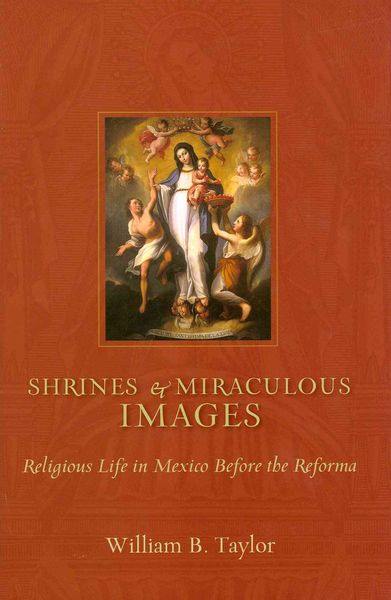 Produktbild: Taylor, W:  Shrines and Miraculous Images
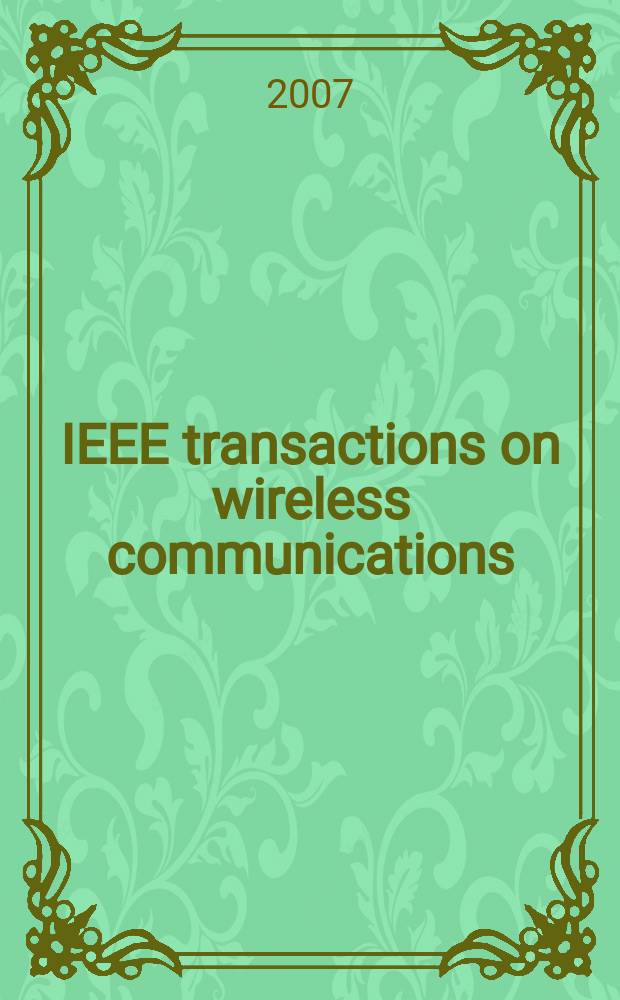 IEEE transactions on wireless communications : A publ. of the IEEE Communications soc. a. the Signal processing soc. Vol. 6, № 8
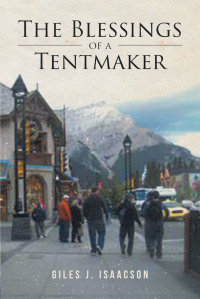 Cover image: The Blessings of a Tentmaker 9781646709410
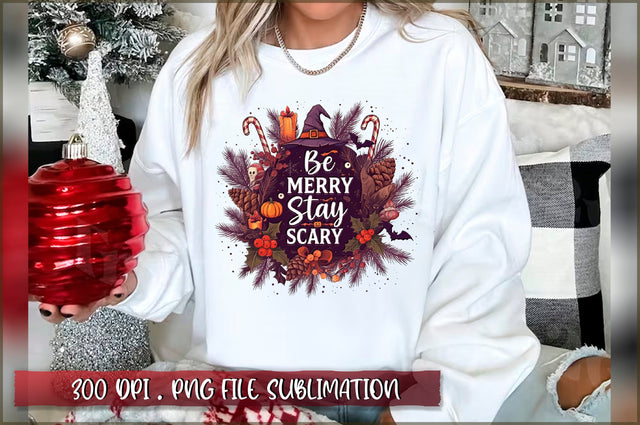 Be merry stay scary Sublimation Sublimation Shetara Begum 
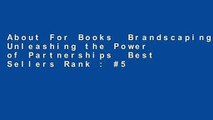 About For Books  Brandscaping: Unleashing the Power of Partnerships  Best Sellers Rank : #5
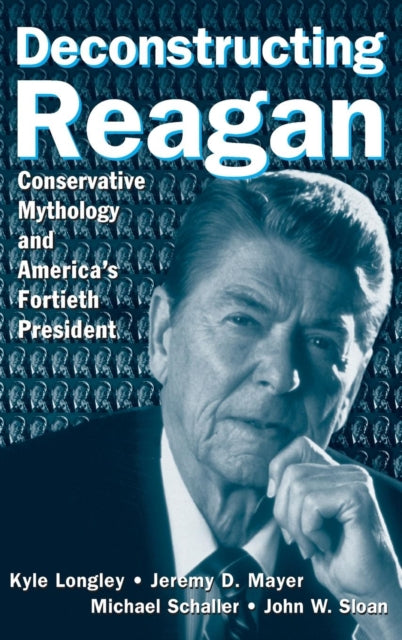 Book cover of: Deconstructing Reagan. By: Kyle Longley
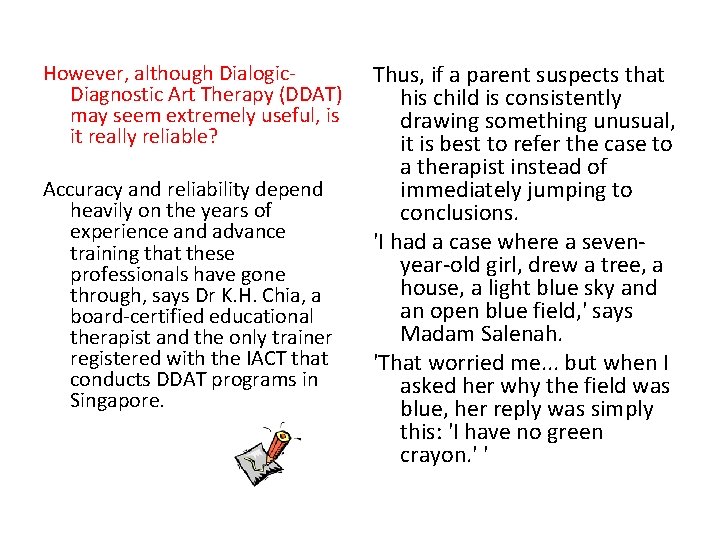 However, although Dialogic. Diagnostic Art Therapy (DDAT) may seem extremely useful, is it really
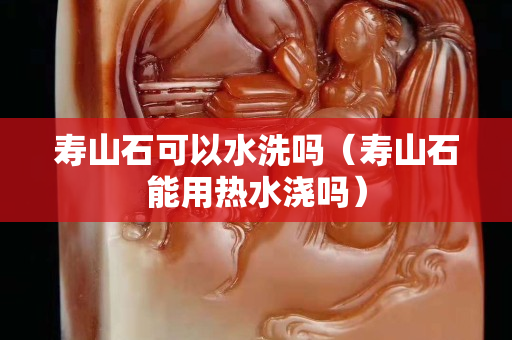 寿山石可以水洗吗（寿山石能用热水浇吗）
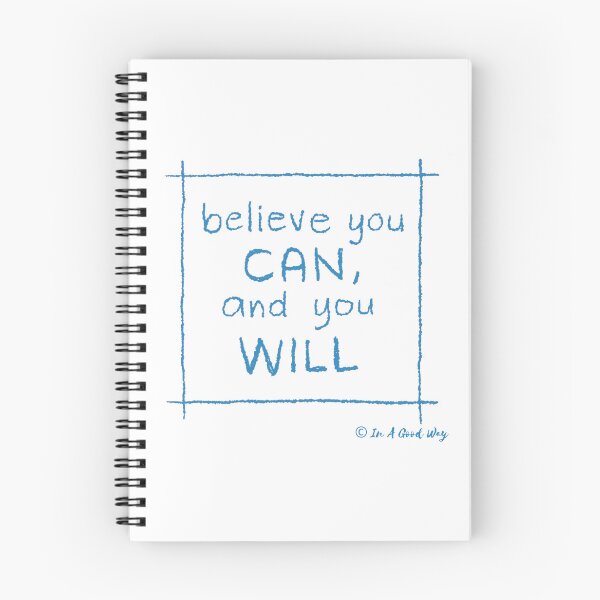 Item preview, Believe you Can an you Will designed and sold by InAGoodWay.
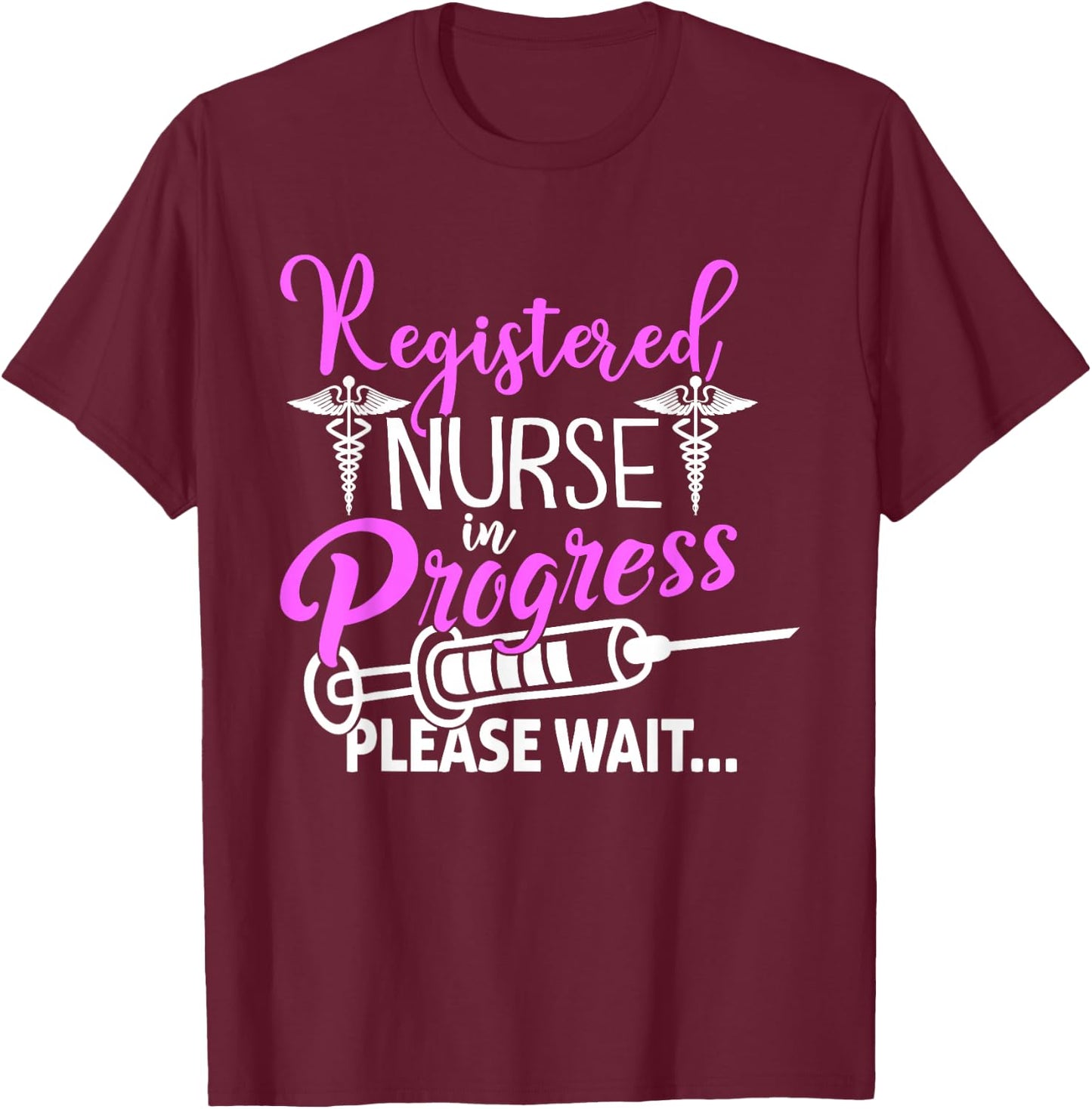 Registered Nurse In Progress Please Wait For Future RN Nurs T-Shirt - T-Shirt | Maroon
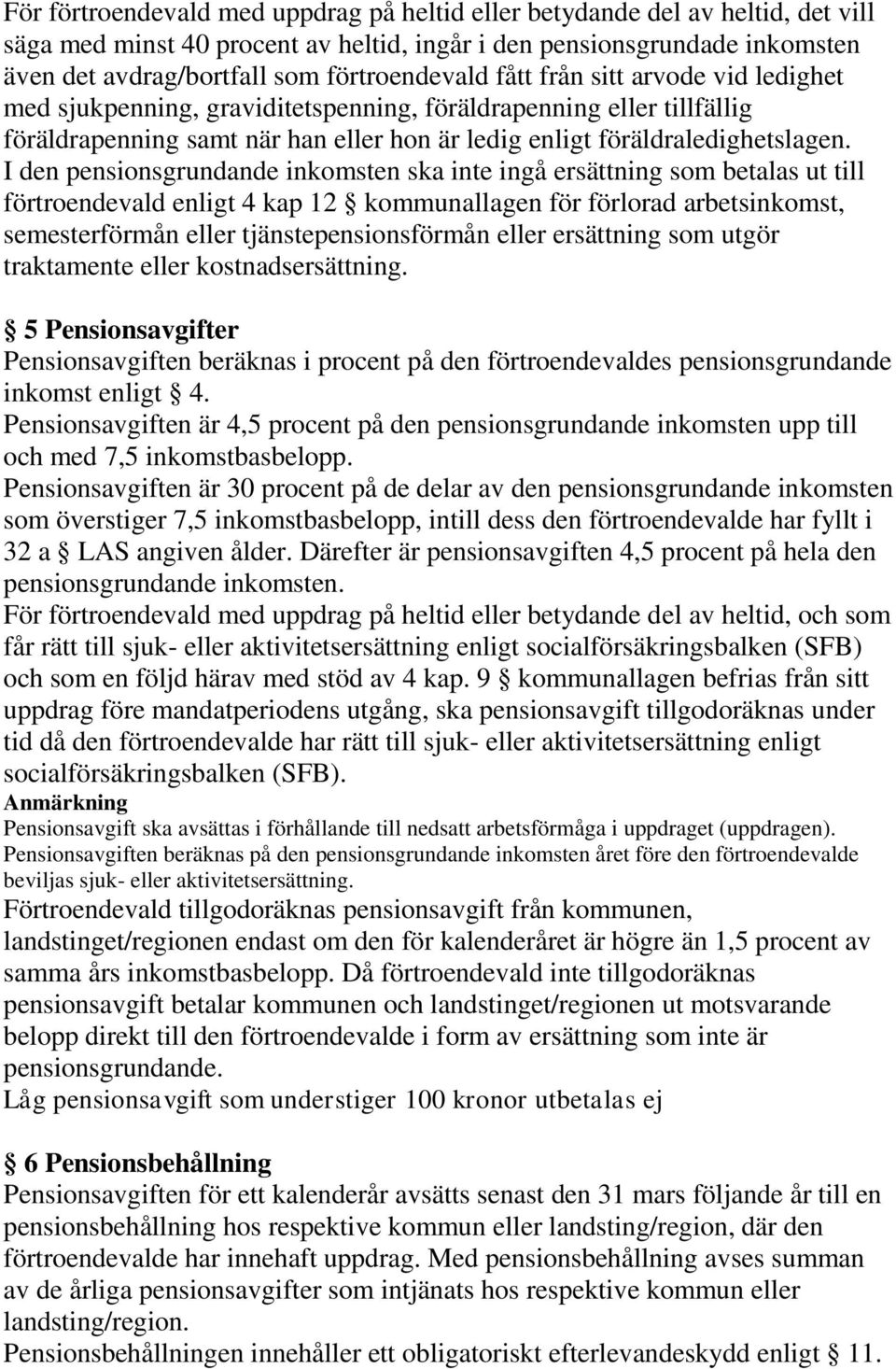 I den pensionsgrundande inkomsten ska inte ingå ersättning som betalas ut till förtroendevald enligt 4 kap 12 kommunallagen för förlorad arbetsinkomst, semesterförmån eller tjänstepensionsförmån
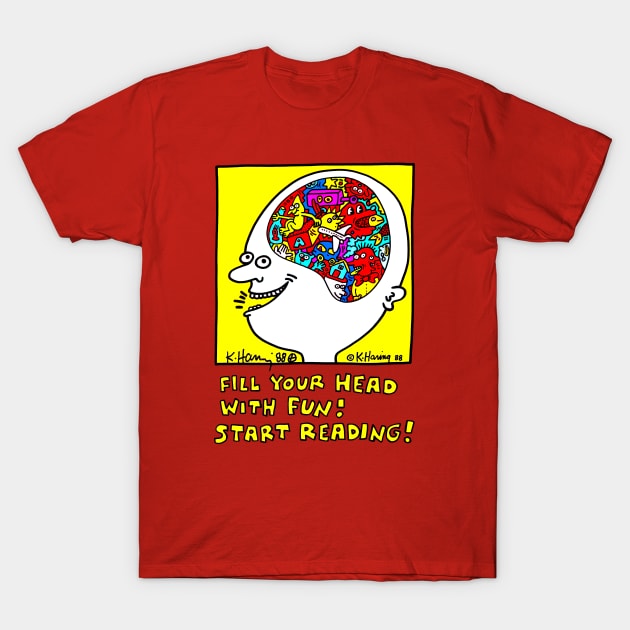 Fill Your Head With Fun! Start Reading! T-Shirt by fun stuff, dumb stuff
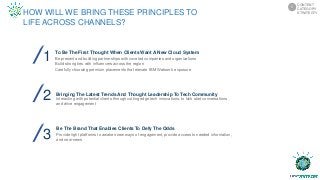 1
2 Bringing The Latest Trends And Thought Leadership To Tech Community
Interacting with potential clients through cutting edge tech innovations, to kick start conversations
and drive engagement
3
To Be The First Thought When Clients Want A New Cloud System
Be present and building partnerships with coveted companies and organizations
Build strong ties with influencers across the region
Carefully choosing premium placements that elevate IBM Watson’s exposure
Be The Brand That Enables Clients To Defy The Odds
Provide right platforms to awaken new ways of engagement, provide access to needed information,
and new-news
HOW WILL WE BRING THESE PRINCIPLES TO
LIFE ACROSS CHANNELS?
CONTENT
CATEGORY
STRATEGTY
5
 
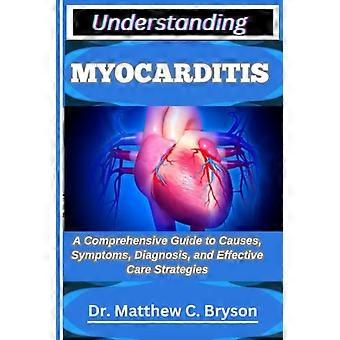 Understanding Myocarditis A Comprehensive Guide to Causes, Symptoms, Diagnosis, and Effective Care Strategies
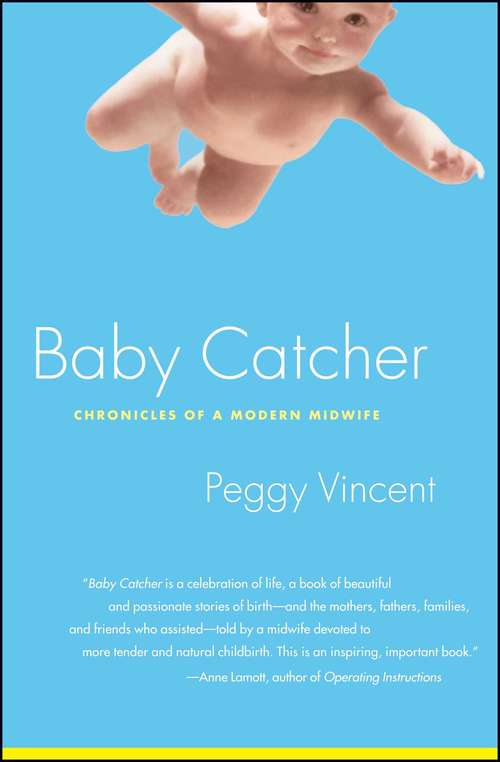 Book cover of Baby Catcher: Chronicles of a Modern Midwife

===============

Without any pictures, return the entries exactly as given.

- _ANSWER FOR THE TASK_
 Produktbild: Taylor, W:  Shrines and Miraculous Images
 IEEE transactions on wireless communications : A publ. of the IEEE Communications soc. a. the Signal processing soc. Vol. 6, № 8
 Cover image: The Blessings of a Tentmaker 9781646709410
 Be merry stay scary Sublimation Sublimation Shetara Begum 
 About For Books  Brandscaping: Unleashing the Power of Partnerships  Best Sellers Rank : #5
 Book cover of: Deconstructing Reagan. By: Kyle Longley
 However, although Dialogic. Diagnostic Art Therapy (DDAT) may seem extremely useful, is it really
 寿山石可以水洗吗（寿山石能用热水浇吗）
 Item preview, Believe you Can an you Will designed and sold by InAGoodWay.
 Registered Nurse In Progress Please Wait For Future RN Nurs T-Shirt - T-Shirt | Maroon
 I den pensionsgrundande inkomsten ska inte ingå ersättning som betalas ut till förtroendevald enligt 4 kap 12 kommunallagen för förlorad arbetsinkomst, semesterförmån eller tjänstepensionsförmån
 Fill Your Head With Fun! Start Reading! T-Shirt by fun stuff, dumb stuff
 1
2 Bringing The Latest Trends And Thought Leadership To Tech Community
Interacting with potential clients through cutting edge tech innovations, to kick start conversations
and drive engagement
3
To Be The First Thought When Clients Want A New Cloud System
Be present and building partnerships with coveted companies and organizations
Build strong ties with influencers across the region
Carefully choosing premium placements that elevate IBM Watson’s exposure
Be The Brand That Enables Clients To Defy The Odds
Provide right platforms to awaken new ways of engagement, provide access to needed information,
and new-news
HOW WILL WE BRING THESE PRINCIPLES TO
LIFE ACROSS CHANNELS?
CONTENT
CATEGORY
STRATEGTY
5
 
 Understanding Myocarditis A Comprehensive Guide to Causes, Symptoms, Diagnosis, and Effective Care Strategies
 Book cover of Baby Catcher: Chronicles of a Modern Midwife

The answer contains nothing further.